Advanced Analytics Target Architecture
1. Ingestion Process
The ingestion process will load data from a variety of different data sources (structured or unstructured) and persist them in a central data lake storage (data store).
A common digestion pattern will be explained at the end of this document
2. Store
Ingested (raw) datasets (and business-ready datasets) will be stored in designated areas of Azure Data Lake. Datasets in the raw area (folders) will be useful for troubleshooting as well as meeting auditing and regulatory requirements.
On the other hand, permitted business users can access raw or processed datasets as the source of truth for specific analytics or reporting needs. As an example, data scientists can have a controlled access (through Azure Active Directory) to their related datasets and then feed them to azure ML services or Databricks machine learning library.
3. Processing (prep and train)
This architecture considers Azure Databricks service as the main processing engine.
Databricks easily links to data lake storage, process and augments different data types and prepare and land business-ready datasets in a specific area (folder) of data lake.
While Databricks is processing data, it can leverage a notification mechanism by connecting to azure logic apps and functions.

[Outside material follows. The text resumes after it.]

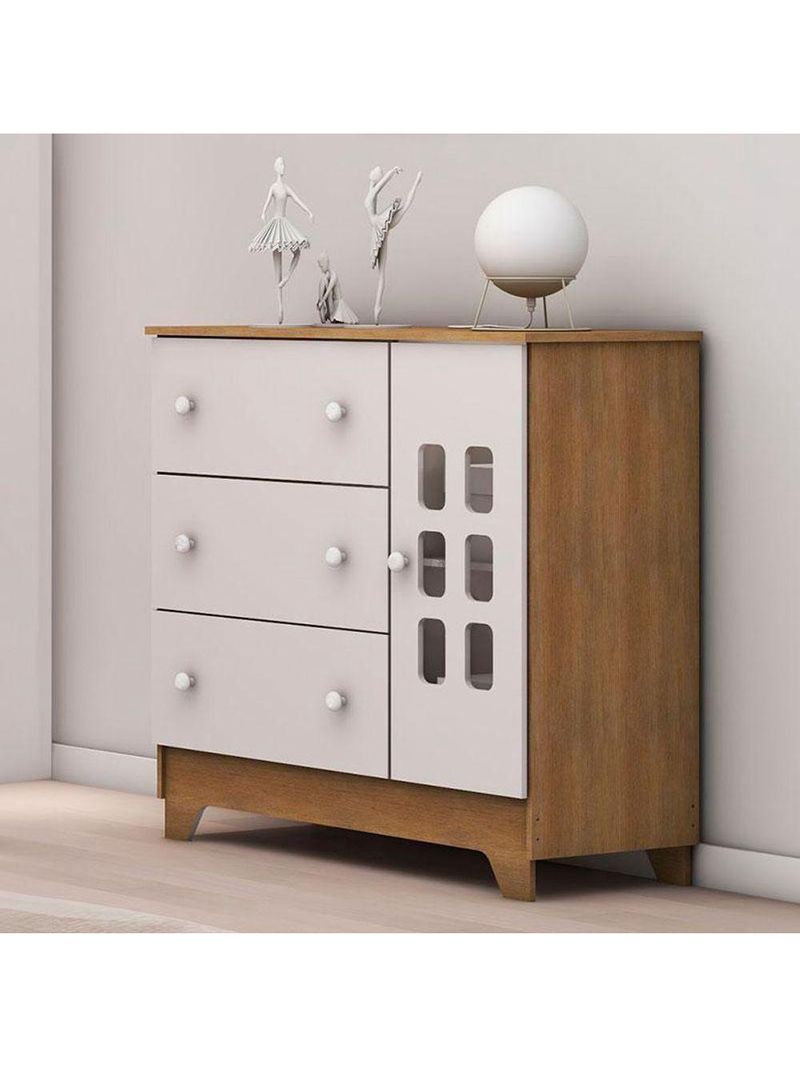 Berço Americano Mini Cama E Cômoda Infantil Malu Branco Acetinado Bétula Com Colchão Ortobom – Carolina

On the other hand, there is a need to supply updated historical datasets to the business via data serving layer. A layer is well suited for business intelligence and ad-hoc relational querying.
To satisfy this requirement, Databricks has another feature. It can organise data in relational-like databases on top of its file system.
Databricks can connect to Azure SQL Data warehouse by utilising JDBC connections and push its internal database entities through
This mechanism uses polybase under the hood which can get best of Azure SQL Data Warehouse massive parallel processing capabilities. This is a very fast process and can move gigabytes of data in a few minutes.
4. Data Service Layer
The architecture supports serving data both via data store (data lake) and the relational type store which can be Azure SQL Data Warehouse or Azure Analysis Services.
Datasets which have been processed and loaded into Azure SQL Data Warehouse will feed Azure Analysis Services (Tabular Models) in the final stage.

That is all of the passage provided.